The most common use of PFunc involves using only one object of type taskmgr (one runtime). Under such circumstances, it becomes tedious to explicitly specify the correct runtime to use when spawning tasks. To avoid this, PFunc allows users to set up a global runtime and use it as the default runtime when a specific runtime is not specified in the various PFunc function calls. In following C++ code sample, we set up a global runtime and then proceed to change the number of attempts made by each thread to check for the availability of a task before yielding control to the thread scheduler.

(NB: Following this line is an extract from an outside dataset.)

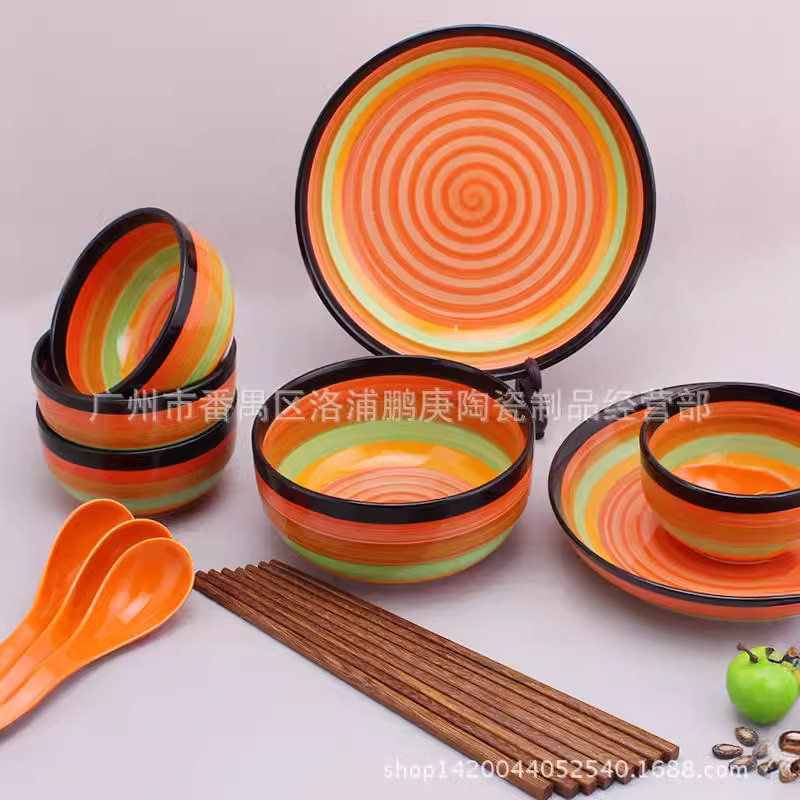 Black mouth orange Korean creative ceramic tableware rainbow bowl ramen bowl soup bowl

/* Library instance description */
typedef pfunc::generator<cilkS, /* scheduling policy */
                         pfunc::use_default, /* compare */
                         parallel_foo> my_pfunc; /*function object*/

int main () {
  unsigned int num_queues = 4;
  const unsigned int num_threads_per_queue[] = {1,1,1,1};
  const unsigned int affinities[4][1] = {{0},{1},{2},{3}};
  unsigned int num_attempts;

  /* Create a variable of the type taskmgr */
  my_pfunc::taskmgr my_taskmgr (num_queues, num_threads_per_queue, affinities);

  /* Set up my_taskmgr as the global runtime */
  pfunc::init (my_taskmgr);

  /* Change the number of attempts if necessary */
  pfunc::taskmgr_max_attempts_get (num_attempts);
  if (10000 > num_attempts) pfunc::taskmgr_max_attempts_set (10000);

  /* Clear my_taskmgr as the global runtime */
  pfunc::clear ();

  return 0; /* my_taskmgr is destroyed when my_taskmgr goes out of scope */
}

The global run time is set up by first initializing an object of the type taskmgr (my_taskmgr in our case) as before and then using the function init to specify the use of my_taskmgr as the global runtime. Corresponding to this, it is necessary to clear the global runtime using the function clear. This does not destroy my_taskmgr, but merely unsets the use of my_taskmgr as the global runtime. This is useful when users want to switch to using a different object of type taskmgr as the global runtime. Finally, we turn our attention to how setting up the global runtime simplifies further function calls. In our case, we have simply omitted the first argument (meant to be \code{my_taskmgr}) from calls to the functions taskmgr_max_attempts_set and taskmgr_max_attempts_get. Similarly, once the global runtime has been set up, users can omit the taskmgr argument from the function call.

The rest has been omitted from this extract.